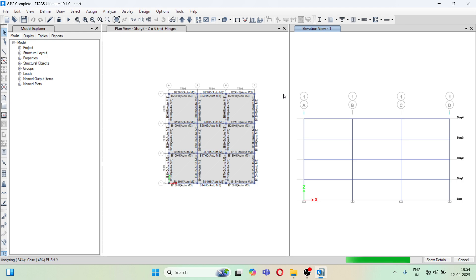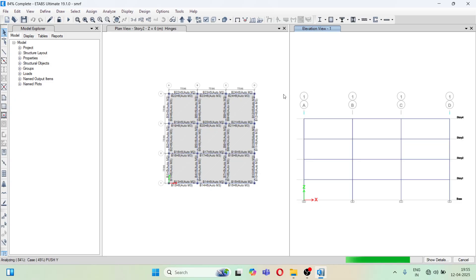So first we have created the dead load nonlinear case, and we have gone with displacement control. There is a force option also, but it is useful for the linear case, because in force control it is pushed only up to the yield limit. We want to see the results beyond the yield as well, because the building still takes load in that phase — the displacements are going on — so we select the displacement option.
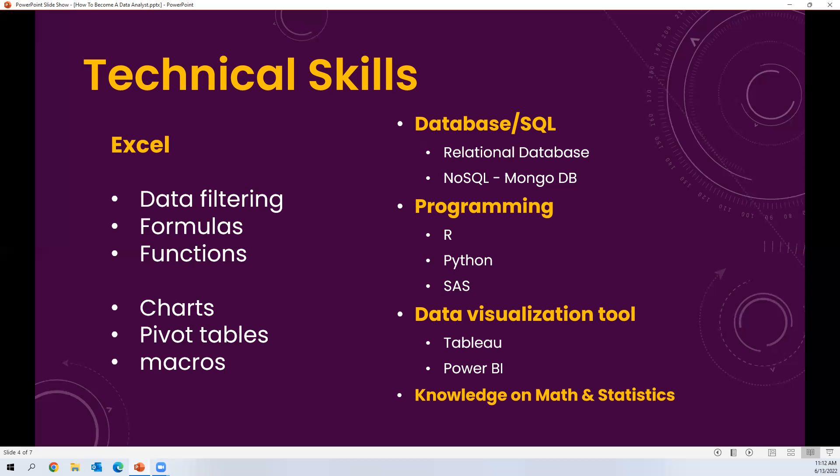You should also learn data visualization tools. Currently there is a lot of demand for Tableau and Power BI — they are trending technologies and many companies prefer these skills in a data analyst profile. You can learn these tools in one or two months without any programming background. Additionally, it is beneficial to have mathematics and statistics skills, especially if you have that academic background.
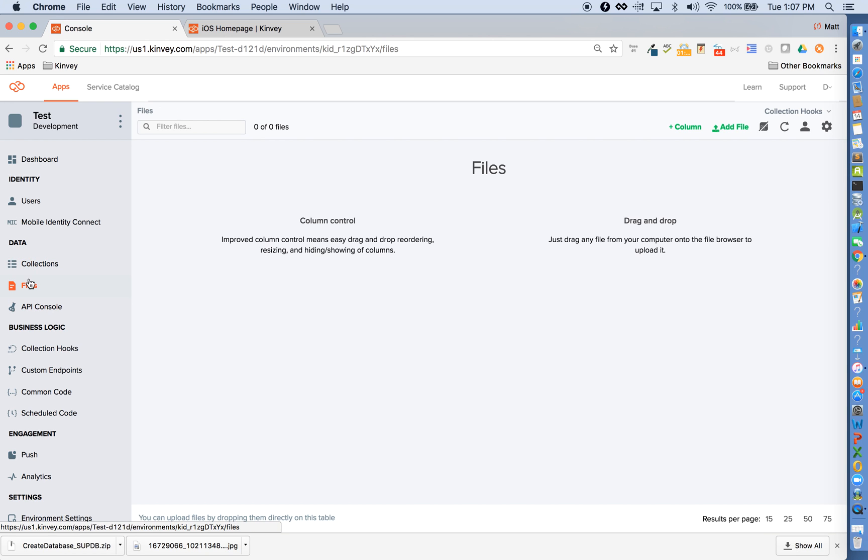Now let's look at our file store. You can either drag and drop files here, or you can use our client libraries to upload content. You can store any type of file and any associated metadata that you'd like. Convey libraries let you either download a copy to the client or stream the content if it's something like video.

====

All that is needed is the lines from the line holding "You should also" to the final line of the listing above, repeated exactly, pictures excluded.

EXERCISE RESULT:
You should also learn data visualization tools. Currently there is a lot of demand for Tableau and Power BI — they are trending technologies and many companies prefer these skills in a data analyst profile. You can learn these tools in one or two months without any programming background. Additionally, it is beneficial to have mathematics and statistics skills, especially if you have that academic background.
Now let's look at our file store. You can either drag and drop files here, or you can use our client libraries to upload content. You can store any type of file and any associated metadata that you'd like. Convey libraries let you either download a copy to the client or stream the content if it's something like video.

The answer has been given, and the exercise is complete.